A stronger NZ dollar over the quarter accounted for some of the price declines, with audio-visual and computing equipment falling 4.8 per cent and telco equipment down 9.2 per cent.
The biggest downward surprises were in the non-tradables arena. Electricity prices fell 0.3 per cent, a rare quarterly decline.
Financial markets, which had been positioned for a 0.7 per cent outturn, reacted sharply to the surprise. The New Zealand dollar was down 40 points to 0.8040, and the two-year swap rate fell 6 basis points.
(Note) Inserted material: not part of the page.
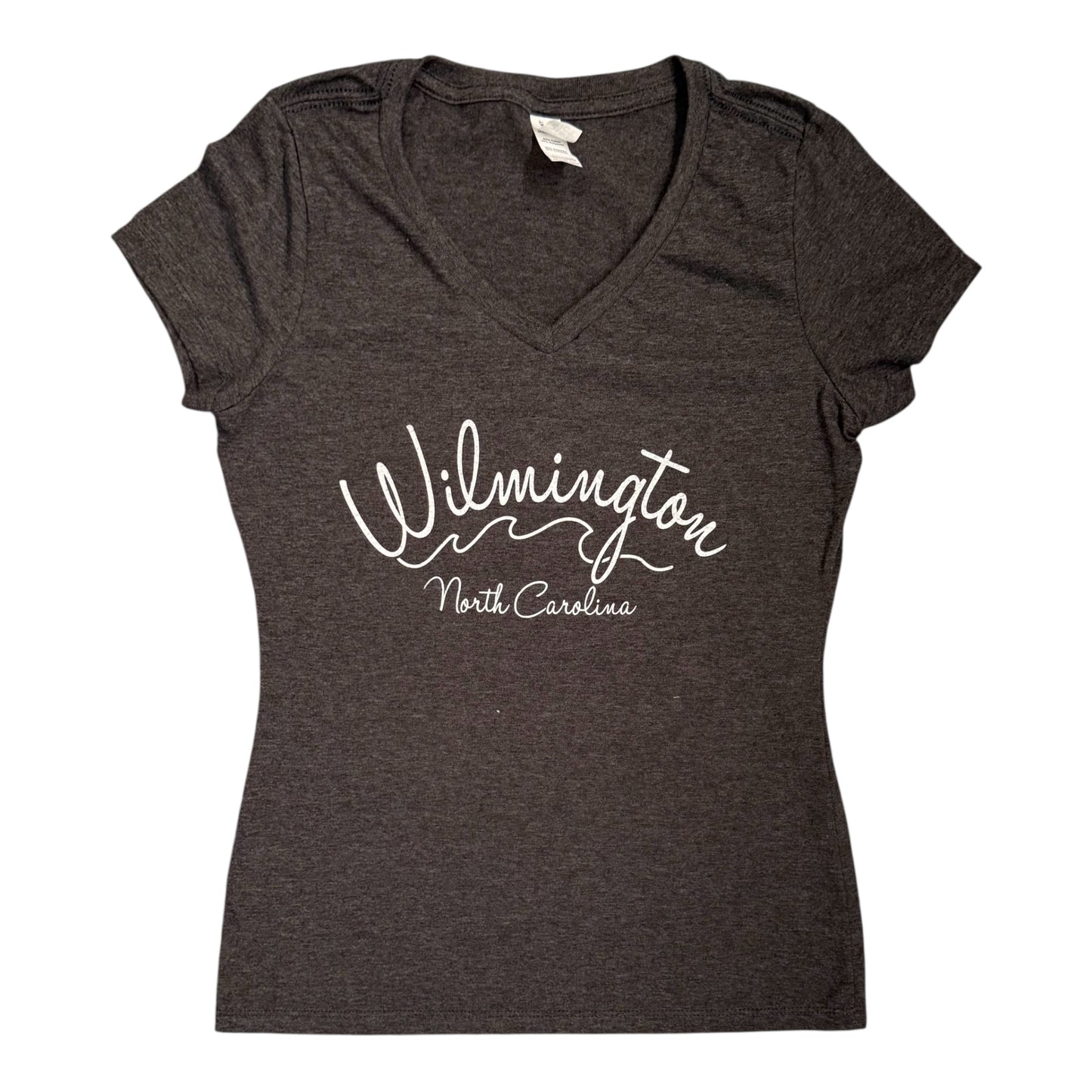 Wilmington NC Wave - V-neck T-shirt - Onyx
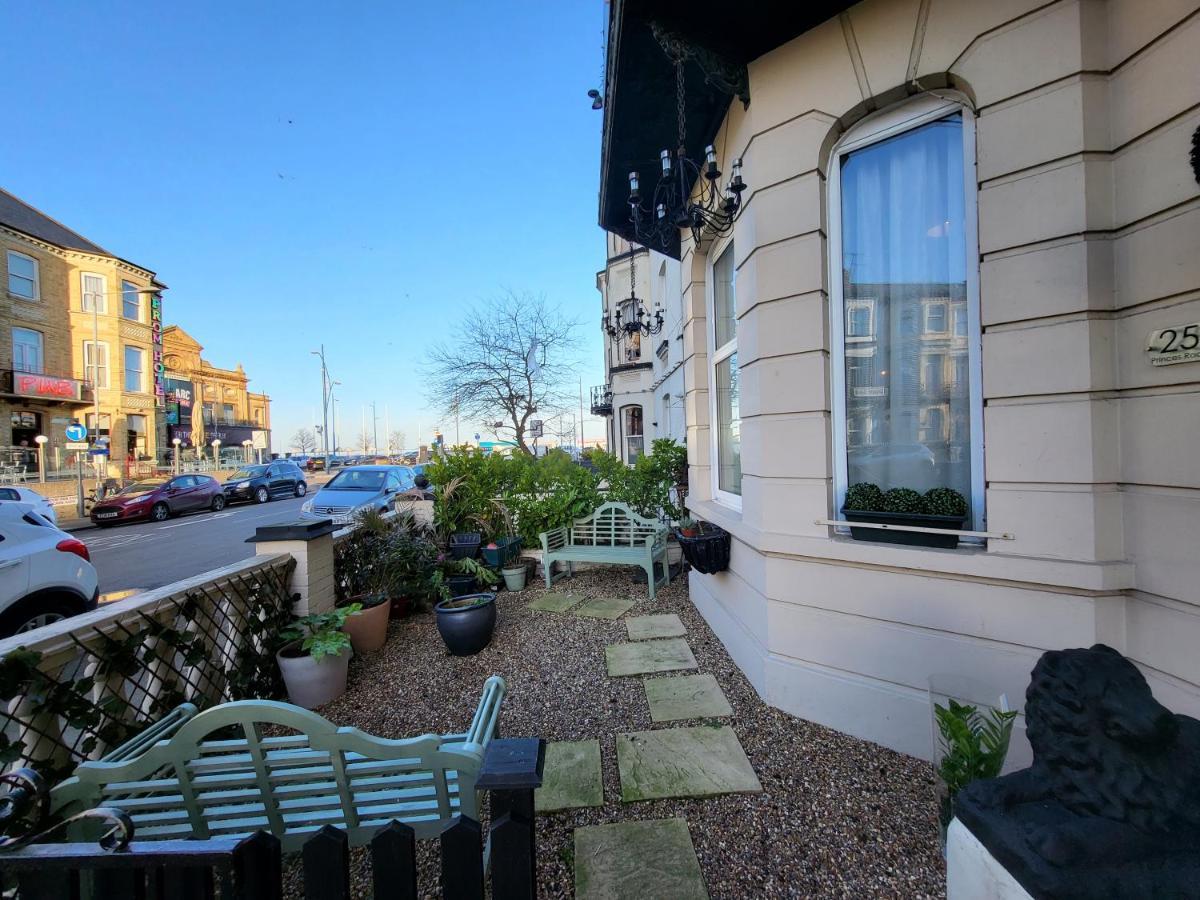 The Collingwood Guest House Γκρέιτ Γιάρμουθ Εξωτερικό φωτογραφία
"For the Reserve Bank, the surprise was almost entirely on the non-tradables side, which is considered to be more problematic. Today's result will give the Reserve Bank more comfort in its forecast that inflation will fall into the lower half of the 1-3 per cent target range next year, once the GST hike and other government charges fall out of the equation," said Stephens.
"Our pick for the first OCR hike to be in June next year, later than the market median of March, has been strengthened by this result."
Darren Gibbs, economist at Deutsche Bank, said the key factors driving the lower than expected CPI outcome was a smaller than expected 1.3 per cent increase in alcoholic beverage prices, an unexpected 3.5 per cent fall in telecommunication services prices and an unexpected 3.8 per cent per cent decline in the volatile international airfares component.
He said he expected the CPI to increase by 0.4 per cent in the fourth quarter of this year.
Gibbs said that "inflation fears perpetuated by some domestic commentators this year" were wide of the mark.
There were few signs of any significant inflation pressure outside of that generated by the Government or due to the pass-through of higher international commodity prices.
"That should not be surprising given the patchy performance of the broader economy. Today's benign CPI report support adds weight to our view that in the current uncertain economic environment there is little obvious need for domestic policy tightening in the near term at least."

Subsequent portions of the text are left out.